Acordam na Secção Criminal do Supremo Tribunal de Justiça: 1.

O arguido AA, casado, pedreiro, nascido em 26-02-1965, na Caparica – Almada, filho de J...G...P... e de Z ...de J...C...P..., residente na ..., respondeu no processo em epígrafe, no 2º Juízo Criminal do Tribunal Judicial de Comarca e de Família e Menores de Almada, sob a acusação de ter praticado, como autor material, na forma consumada, um crime de homicídio, p. e p. pelo artº 131º do CPenal.

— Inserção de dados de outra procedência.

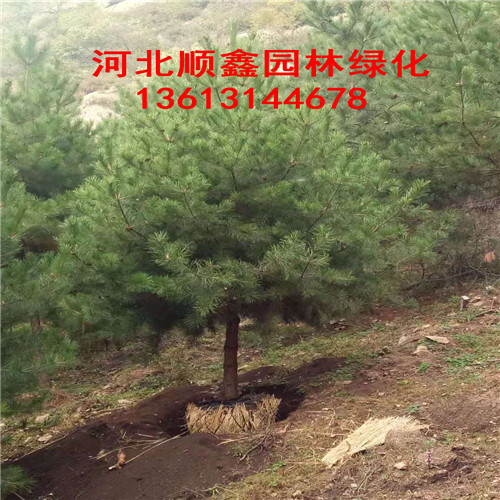 河北油松基地-围场油松批发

A final, foi condenado pela prática do referido crime, além do mais, na pena de 9 (nove) anos de prisão.

Inconformado, recorreu para o Tribunal da Relação de Lisboa que, pelo acórdão de fls. 1988 e segs., de 12 de Outubro último, julgou improcedente o recurso e, consequentemente, confirmou o acórdão da 1ª instância.

Ainda inconformado, recorreu para o Supremo Tribunal de Justiça, rematando a respectiva motivação com as seguintes conclusões que transcrevemos: «1.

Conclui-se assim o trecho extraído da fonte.